The Behavior Research Center's data present a more nuanced picture. The fact is that Arizona's Latinos are assimilating at rapid rates, speak English in numbers that should please everyone, are decidedly upwardly mobile and constitute a potent consumer force.

This, of course, is not the picture many Arizonans have in their minds about Latinos. And they can hardly be blamed, as Latino stories are generally told as part of the discussion on such flash points as immigration and dropout rates.

The center comes to the truer picture through its own research and other credible sources, such as the Census Bureau, the Labor Department and the Pew Hispanic Center.

Nationally, immigrants were, from 1970 to 2000, the single largest bloc of Latinos, at 45 percent. Between now and 2020, that will winnow to 25 percent. Their children, the second generation, then becomes the largest bloc at 47 percent.

This trend will be duplicated in Arizona. In fact, the transformation is already producing change that points at more acculturation than Latinos are generally given credit for.

For instance, there are two ways of looking at Latinos' language preferences in Arizona, which break down as 20 percent Spanish-dominant, 38 percent bilingual and 42 percent English dominant.

Yes, that means that 58 percent are Spanish speakers. But it also means that 80 percent are English speakers.

These state numbers, by the way, mean that we have fewer Arizonans who only speak Spanish and more bilingual and English-dominant Latinos than on the national level. This points to more acculturation for this border state than is generally supposed.

Breaking from the old model of looking at Latinos also revealed that, though a young population relative to the general population, it is not as young as supposed by those who would view us as shackled to our immigrant past. Thirty-one percent are younger than 35 but 45 percent older than 45.

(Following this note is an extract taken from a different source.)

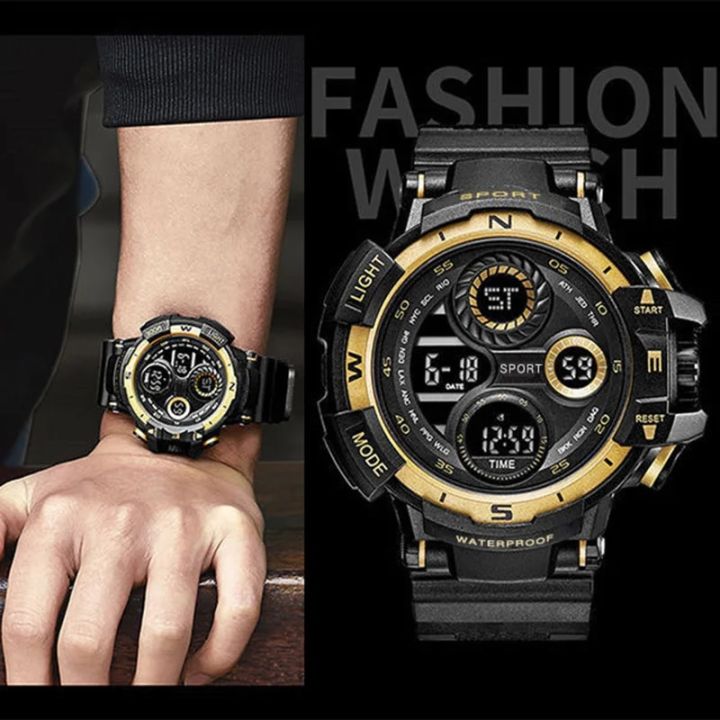 YIKAZE%20Black%20Digital%20Watch%20for%20Men%20Sports%20Watches%20Waterproof%20Outdoor%20Chronograph%20Hand%20Clock%20G%20Infantry%20Shock%20Student%20Wristwatch%20-%20Image%202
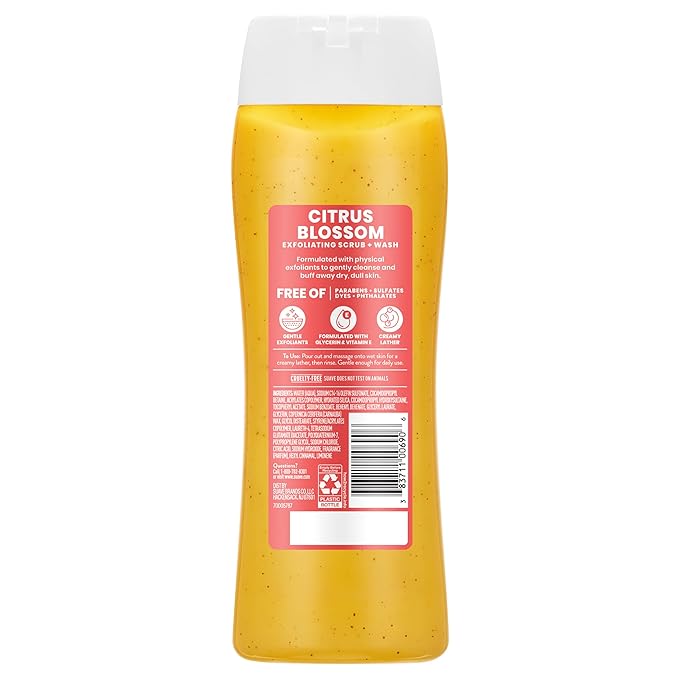 Suave Citrus Blossom Exfoliating Body Wash & Scrub with Glycerin & Vitamin E, Sulfate-Free Hydrating Cleanser for Soft, Smooth Skin, 6 Count, 18 FL OZ EA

Yes, 34 percent earn less than $24,000 yearly, but 42 percent earn more than $36,000.

The number of Latinos moving into white-collar jobs has been heading up at about the rate of 1 percent a year. In 1990 it was 15 percent, in 2003 it was 26 percent in Arizona.

Acculturation and upward mobility is apparently influencing family size as well, with 33 percent of families limiting themselves to one to two children and 44 percent to three to four.

And we buy a lot of stuff, from houses to cellphones. Arizona ranked seventh in the top 10 Latino markets in the United States at $20 billion in purchasing power, behind New Jersey and ahead of Colorado.

Not assimilated? Thirty percent watch NASCAR on television.

The center's Earl de Berge says the research points to the need to appreciate that the Latino market is as segmented as any other. Anyone wanting to make commercial or political inroads will need to understand each and every segment.

Advertising to reach them may have to be culturally relevant, speaking to Latino aspirations and social gains. It will have to say something good about who they are - from "I'm sexy" to "I'm smart," according to de Berge.

There are red flags in there for Democrats in particular. In 1990, 82  percent of Arizona Latinos were Democrats. That dropped to 66 percent in  2003, while GOP membership jumped from 12 percent in 1990 to 29 percent in 2003.

Voter registration in 1990 was 40 percent. Last year, it was 62 percent.

This means that both parties need to start learning how to talk to Latinos - the Democrats to stanch the flow and Republicans to keep it going.

But mostly what the research points to is the need to resist the old stereotypes. Latinos have assimilated, the immigrants among us participating as well.

In other words, we cannot define Latinos solely according to their problems.